WHAT YOU SHOULD DO ::
Transcribe the entries exactly; images are not part of the copy.

EXERCISE INPUT ::
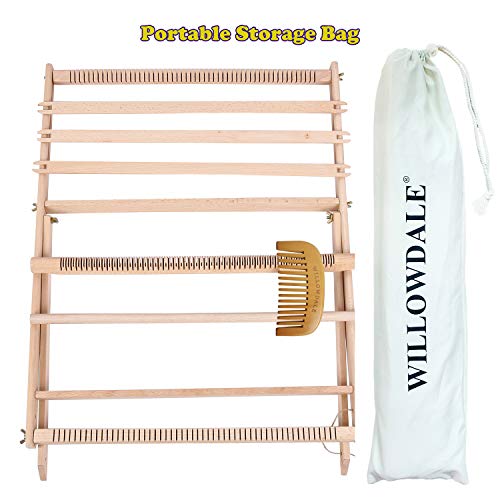 WILLOWDALE 25.2"H x 19.3"W Weaving Loom with Stand Wooden Multi-Craft Weaving Loom Arts & Crafts, Extra-Large Frame, Develops Creativity Weaving WILLOWDALE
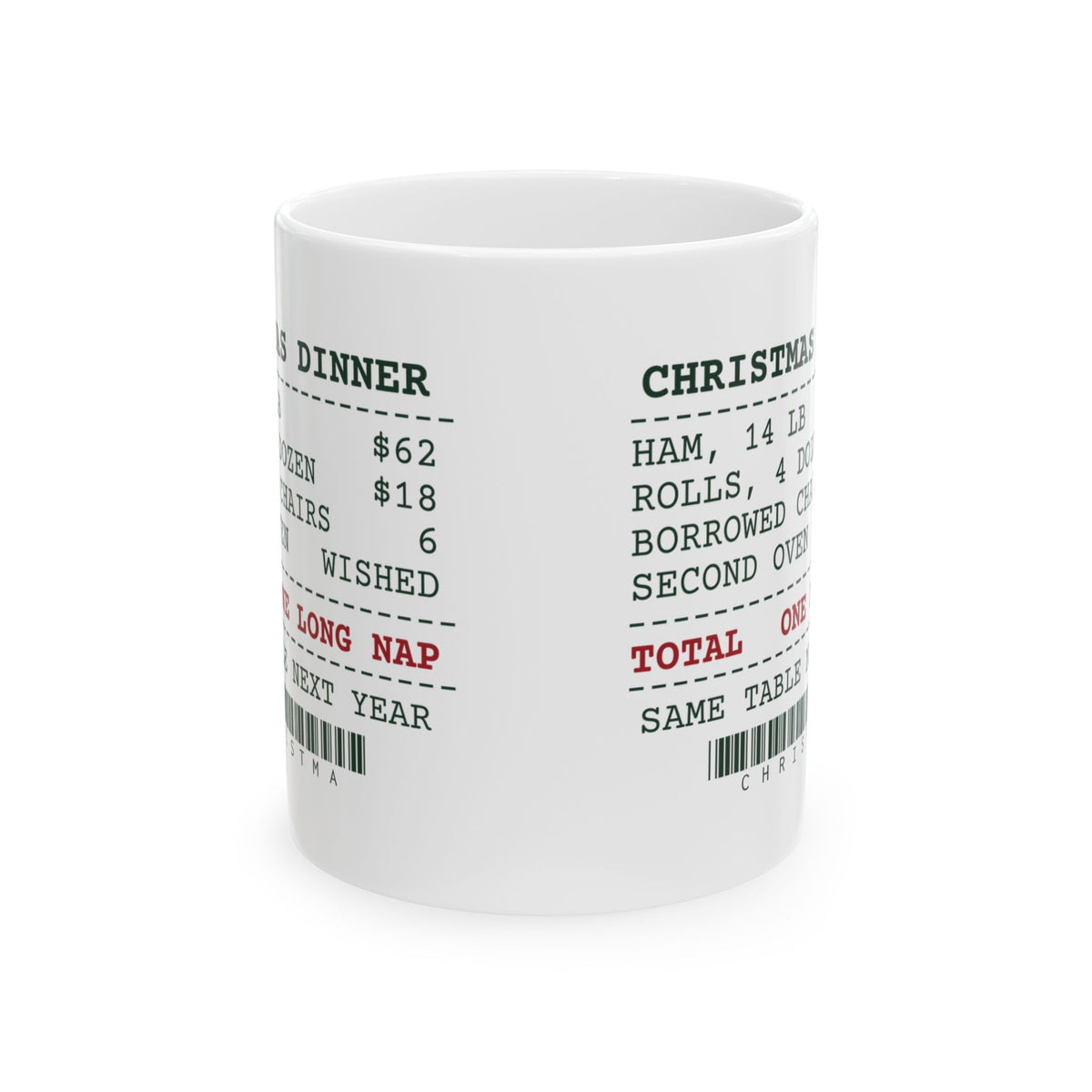 Funny Christmas Host Coffee Mug Christmas Dinner Receipt For Hosts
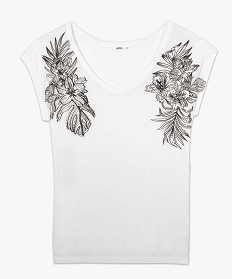 tee-shirt femme manches courtes col v imprime floral blanc t-shirts manches courtes9974101_4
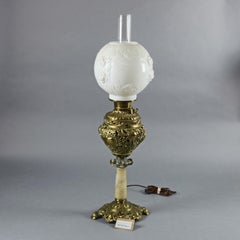 Antique Victorian Gone With The Wind Brass & Marble Parlor Table Lamp, c1880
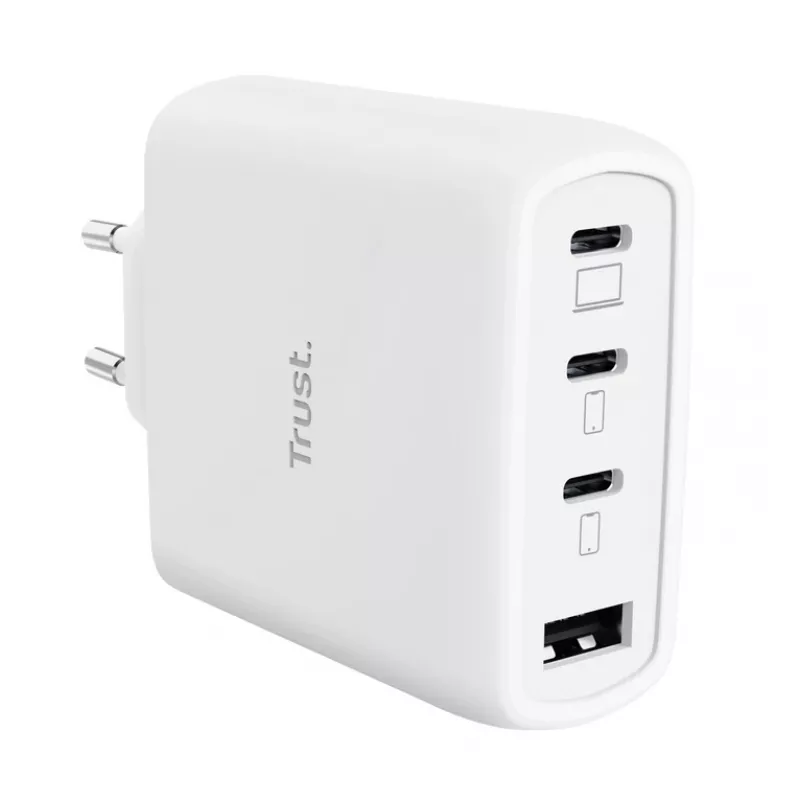 TRUST Maxo 65W greitasis AC sieninis įkroviklis, 3x USB-C, 20V maks., 2 m laidas, baltas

WRITTEN ANSWER ::
 WILLOWDALE 25.2"H x 19.3"W Weaving Loom with Stand Wooden Multi-Craft Weaving Loom Arts & Crafts, Extra-Large Frame, Develops Creativity Weaving WILLOWDALE
 Funny Christmas Host Coffee Mug Christmas Dinner Receipt For Hosts
 tee-shirt femme manches courtes col v imprime floral blanc t-shirts manches courtes9974101_4
 Antique Victorian Gone With The Wind Brass & Marble Parlor Table Lamp, c1880
 TRUST Maxo 65W greitasis AC sieninis įkroviklis, 3x USB-C, 20V maks., 2 m laidas, baltas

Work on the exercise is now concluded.